What is required » Your answer must consist of exactly the lines below, starting with the line with "EBC Yellowstuff Pad" and going on through the line with "MERCEDES BENZ G class", and nothing else.
=== Data listing ===
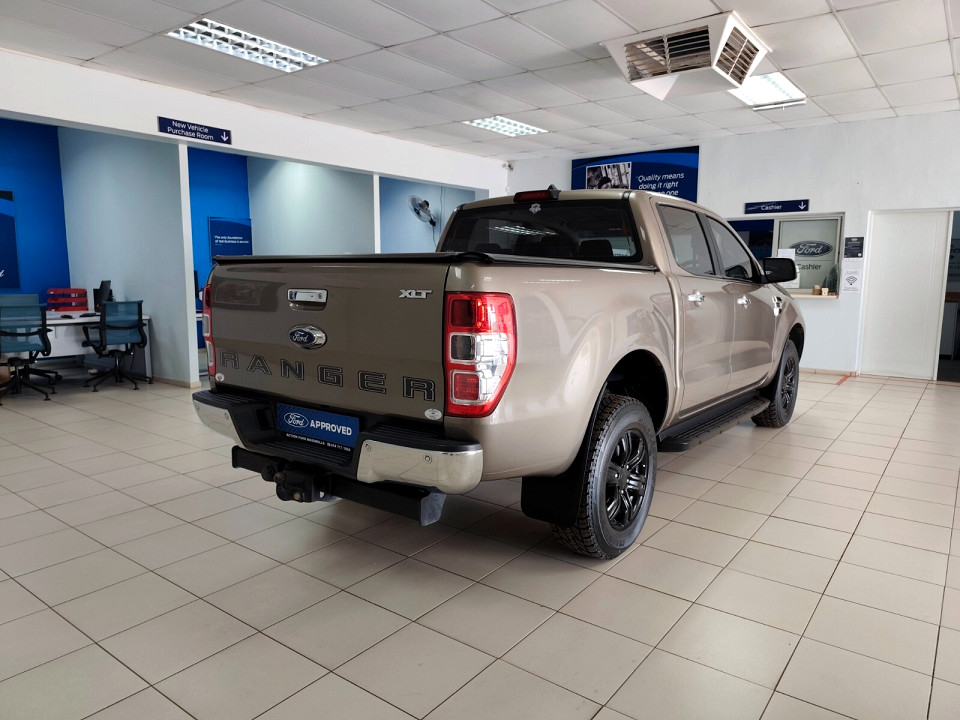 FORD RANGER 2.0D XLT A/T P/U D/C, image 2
===
=== Data listing ===
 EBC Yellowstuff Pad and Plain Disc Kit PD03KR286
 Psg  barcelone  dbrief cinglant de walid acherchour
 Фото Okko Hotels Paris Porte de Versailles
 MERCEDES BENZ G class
===
Task answer »
 EBC Yellowstuff Pad and Plain Disc Kit PD03KR286
 Psg  barcelone  dbrief cinglant de walid acherchour
 Фото Okko Hotels Paris Porte de Versailles
 MERCEDES BENZ G class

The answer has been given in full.